A couple weeks ago I picked up a book from the take-one-home shelf at work. It was called The Invention of Air, by Steven Johnson. On the F train I would read it each afternoon, and then again after my 17-month old baby went to sleep at night. At first I thought, this is fascinating stuff, I should read more history of science, but then I was at work the other day, listening to some colleagues discuss a new project, and suddenly it occurred to me that the invention of air is far from academic. It can actually help us learn how to produce better Web products. (For those who don't know me: I work as a Web product designer and I'm helping to marry The Economist with the Web, and vice-versa.)
You're probably asking yourself: so air was invented? How's that? And what does it have to do with the Web and how to invent new forms of journalism? Well, let me try.
Back in the 16th century, before scales were precise enough to measure the weights of gases, natural philosophers didn't fully grasp that air was itself a substance. It was just the empty space between stuff.
A FEW SIMPLE EXPERIMENTS
Then in the 18th century came along Joseph Priestly, Ben Franklin, and others who helped us figure out that air exists, that it's composed of distinct gases, and (perhaps most importantly) that plants and animals live symbiotically in homeostasis. Boyle had earlier shown us that gases were substances, with physical properties. You might remember
Boyle's law (pv=nrt) from high school. But 100 years after Boyle, air was still pretty much an unknown: unseen, unmeasurable.
Joseph Priestly changed all that. He hung out with the Honest Whigs in London (an influential coffee shop crew of natural philosophers, hackers, writers, philosophers) and also with Ben Franklin, and he did a few simple experiments that isolated oxygen (Lavoisier and Scheele can also lay claim to this discovery) and he proved that plants produce dephlogisticated air. What's that, you ask? In the thinking of the day, phlogiston was the substance that was removed from material when it burned, so dephlogisticated air was air that encouraged burning. Today, we call this dephlogisticated air oxygen-rich air. So air went from being 'the empty space between stuff' to being composed of gases and an essential part of earth's ecosystem. Talk about a paradigm shift, as Thomas Kuhn says.
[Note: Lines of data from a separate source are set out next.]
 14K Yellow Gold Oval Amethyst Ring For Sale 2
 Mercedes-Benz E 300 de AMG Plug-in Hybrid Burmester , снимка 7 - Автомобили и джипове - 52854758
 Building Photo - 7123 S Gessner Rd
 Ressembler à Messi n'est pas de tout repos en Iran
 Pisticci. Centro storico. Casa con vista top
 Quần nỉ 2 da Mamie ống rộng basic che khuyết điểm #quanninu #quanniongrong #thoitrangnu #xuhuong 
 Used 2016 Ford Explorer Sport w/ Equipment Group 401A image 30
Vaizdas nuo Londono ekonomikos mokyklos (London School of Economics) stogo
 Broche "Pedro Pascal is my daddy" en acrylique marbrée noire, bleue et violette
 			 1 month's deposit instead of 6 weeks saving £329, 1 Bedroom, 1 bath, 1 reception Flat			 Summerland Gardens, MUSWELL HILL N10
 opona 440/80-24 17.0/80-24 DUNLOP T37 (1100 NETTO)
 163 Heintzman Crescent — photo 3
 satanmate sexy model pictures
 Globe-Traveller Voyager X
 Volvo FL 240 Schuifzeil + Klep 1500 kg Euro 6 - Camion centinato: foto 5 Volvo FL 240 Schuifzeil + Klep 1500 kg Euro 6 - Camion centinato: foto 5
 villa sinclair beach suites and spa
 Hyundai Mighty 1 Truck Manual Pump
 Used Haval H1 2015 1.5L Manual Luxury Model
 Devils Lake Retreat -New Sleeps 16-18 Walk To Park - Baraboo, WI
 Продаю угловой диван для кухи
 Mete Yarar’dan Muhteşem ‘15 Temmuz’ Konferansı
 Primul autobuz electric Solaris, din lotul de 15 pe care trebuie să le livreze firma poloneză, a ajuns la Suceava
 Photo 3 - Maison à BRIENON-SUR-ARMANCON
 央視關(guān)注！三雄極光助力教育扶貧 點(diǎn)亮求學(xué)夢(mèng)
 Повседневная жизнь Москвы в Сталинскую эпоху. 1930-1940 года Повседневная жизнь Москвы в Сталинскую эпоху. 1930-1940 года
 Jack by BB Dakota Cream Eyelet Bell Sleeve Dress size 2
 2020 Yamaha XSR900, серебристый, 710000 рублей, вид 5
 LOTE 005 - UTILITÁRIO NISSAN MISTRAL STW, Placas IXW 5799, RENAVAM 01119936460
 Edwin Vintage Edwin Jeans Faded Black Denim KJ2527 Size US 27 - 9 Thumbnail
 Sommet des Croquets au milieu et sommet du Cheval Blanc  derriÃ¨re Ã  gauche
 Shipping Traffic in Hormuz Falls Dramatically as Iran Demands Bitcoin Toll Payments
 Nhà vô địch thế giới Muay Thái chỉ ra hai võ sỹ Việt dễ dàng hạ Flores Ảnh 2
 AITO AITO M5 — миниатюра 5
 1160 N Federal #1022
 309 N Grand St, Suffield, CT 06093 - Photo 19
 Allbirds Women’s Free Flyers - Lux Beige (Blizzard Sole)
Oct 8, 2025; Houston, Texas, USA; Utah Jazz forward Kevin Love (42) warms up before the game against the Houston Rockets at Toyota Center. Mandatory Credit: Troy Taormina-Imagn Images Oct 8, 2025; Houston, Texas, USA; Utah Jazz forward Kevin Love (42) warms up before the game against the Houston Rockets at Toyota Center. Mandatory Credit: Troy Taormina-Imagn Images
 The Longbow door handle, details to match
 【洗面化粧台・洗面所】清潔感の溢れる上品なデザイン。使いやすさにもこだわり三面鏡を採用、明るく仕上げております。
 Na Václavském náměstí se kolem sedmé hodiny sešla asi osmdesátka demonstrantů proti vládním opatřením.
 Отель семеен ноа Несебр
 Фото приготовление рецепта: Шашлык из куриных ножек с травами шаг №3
So what does this 18th-century guy who hung out with Ben Franklin have to do with the Web? Surely nothing, right? Well, I think the invention of air has a lot to teach us about how something can be all around us, and essential to life, even, and still be poorly understood. It also shows us how simple experiments and better tools for measurement can actually help us discover new worlds.
"DOES THIS LOOK GOOD TO YOU?"
I sometimes hear people developing Web products take the "This looks good to me. Does it look good to you?" approach. They go around the room, until they reach the person with the biggest-sounding title, and this person says something like: "Can you make the corners more rounded on those buttons?" and so everyone debates that, but in the end it's adopted (of course). Hell, I've been guilty of this when pressured. We take this approach despite prototyping tools, pattern libraries, despite free tools for measuring user behavior (
analytics.google.com), and free tools for running A:B UI tests on a percentage of users (Google Website Optimizer). When we take this "looks good to me" approach we're treating software product design as if it were poster design, something to be hung on the wall. Purely aesthetic goals are fine, but not at the expense of making it work really, really well (for the user, and for the business) and not at the expense of putting the technology to its highest, best use. (Posterous.com, is a great example of this make-it-work philosophy, I might add.)
WHAT PRIESTLY TAUGHT ME
First, I learned that smart experimenters using simple tools can reveal the deep workings of nature. You don't need super expensive eye-tracking gear, or functional-MRI. Priestly ran his famous mint experiment (which led to the discovery that plants create oxygen) with nothing more than water, glass tubes, a sprig of mint, and a mouse. Second, when the tools for measurement become more precise, important new discoveries, new airs will follow.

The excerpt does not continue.